_Goal of the exercise_
Using the material below, print a verbatim copy of every line from the one containing "kenny Kill Merch Store Redban T Shirta" through the one containing "古斯塔夫二世(卡尔十世)", inclusive, and omit the pictures.

=== Given records ===

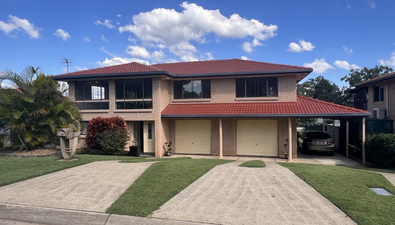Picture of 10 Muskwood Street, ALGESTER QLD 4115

===
=== Given records ===

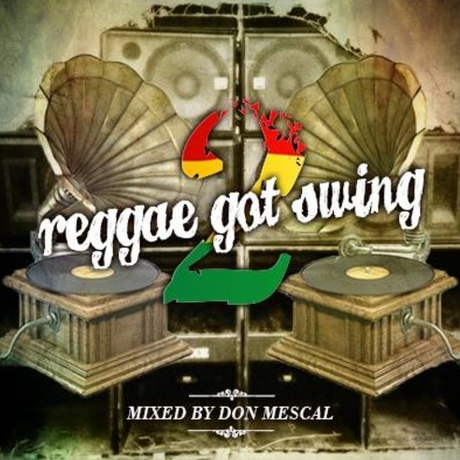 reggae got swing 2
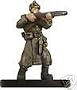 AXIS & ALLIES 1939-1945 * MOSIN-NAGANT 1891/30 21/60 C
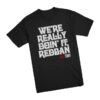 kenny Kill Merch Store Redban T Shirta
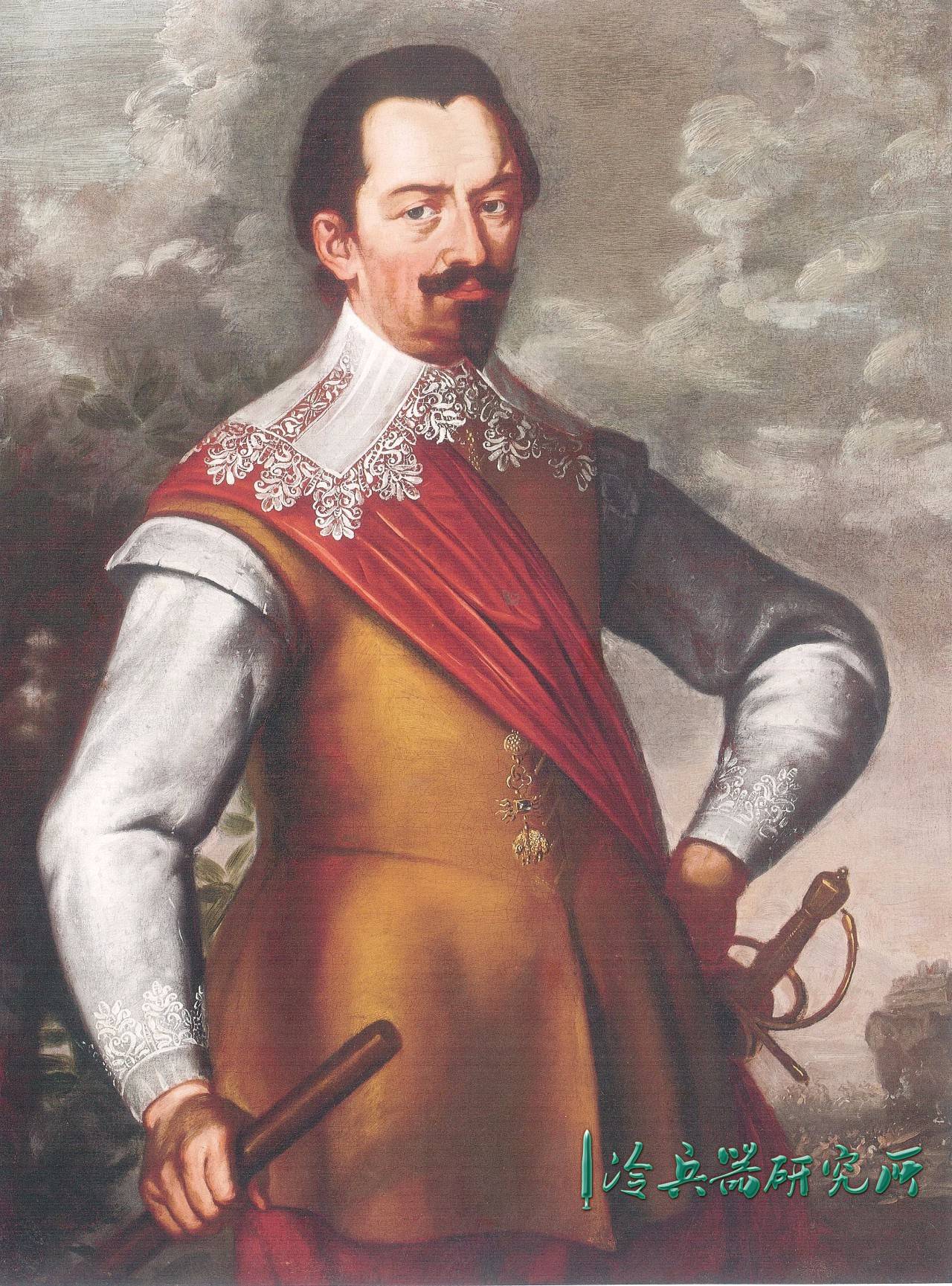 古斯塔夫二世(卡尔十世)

===

_Exercise solution_
 kenny Kill Merch Store Redban T Shirta
 古斯塔夫二世(卡尔十世)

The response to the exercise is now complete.